Growing momentum in Eastern Europe

Economic growth, rising life expectancy and a shift in marketing and distribution strategies will boost the Eastern European markets of Poland, the Czech Republic and Hungary over 2013-2018, according to reports from Timetric’s Insurance Intelligence Center (IIC)

By Ronan Mccaughey

Economic growth, rising life expectancy and a shift in marketing and distribution strategies will boost the Eastern European markets of Poland, the Czech Republic and Hungary over 2013-2018, according to reports from Timetric’s Insurance Intelligence Center (IIC)Polish, Czech and Hungarian life insurance markets matter because they are the top three largest sectors respectively in Central and Eastern Europe, according to data from Timetric’s Insurance Intelligence Center (IIC).
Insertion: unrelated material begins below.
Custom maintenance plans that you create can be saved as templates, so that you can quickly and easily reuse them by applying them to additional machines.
For example, the IIC report Life Insurance in Poland, Key Trends and Opportunities to 2018, says insurance companies operating in Poland generated a total written premium of PLN57.2bn ($15.4bn) in 2013.

Life insurance was the largest segment in Poland in 2013, accounting for 53.3% of the industry’s total value, while the non-life segment accounted for 41.1%.
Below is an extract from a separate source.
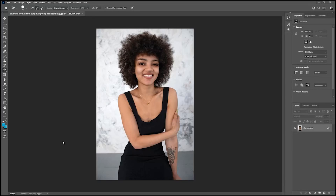Hello everyone, welcome to my new tutorial. In this tutorial I'm going to show you how to remove the background in Photoshop. With the new update, Photoshop introduced three different methods to remove a background. For beginners, I will go slowly and show you how to eliminate the background so we can change it to any color we want. Without any further delay, let's get started.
The Polish life segment posted minimal growth during 2009-2013 primarily due to the global financial crisis in 2009 and the subsequent EU debt crisis.

This minimal growth meant the gross written premium of the Pol¬ish life segment increased from PLN29.7bn in 2009 to PLN30.5bn in 2013. It is expected to reach PLN40.3bn in 2018.

Looking forward to 2018, the key growth drivers for the Polish life segment include:

  • Steady economic growth
  • Low life insurance penetration
  • Cost-effective distribution channels
  • Rising life expectancy

Steady economic growth: Poland’s economy is expected to grow between 2013 and 2018. According to the International Monetary Fund’s (IMF) World Economic Outlook report of April 2014, the country’s GDP is projected to grow by 3.1% in 2014 and 3.3% in 2015, driven by the government’s growth-focused reforms such as the National Reform Program and Convergence Program.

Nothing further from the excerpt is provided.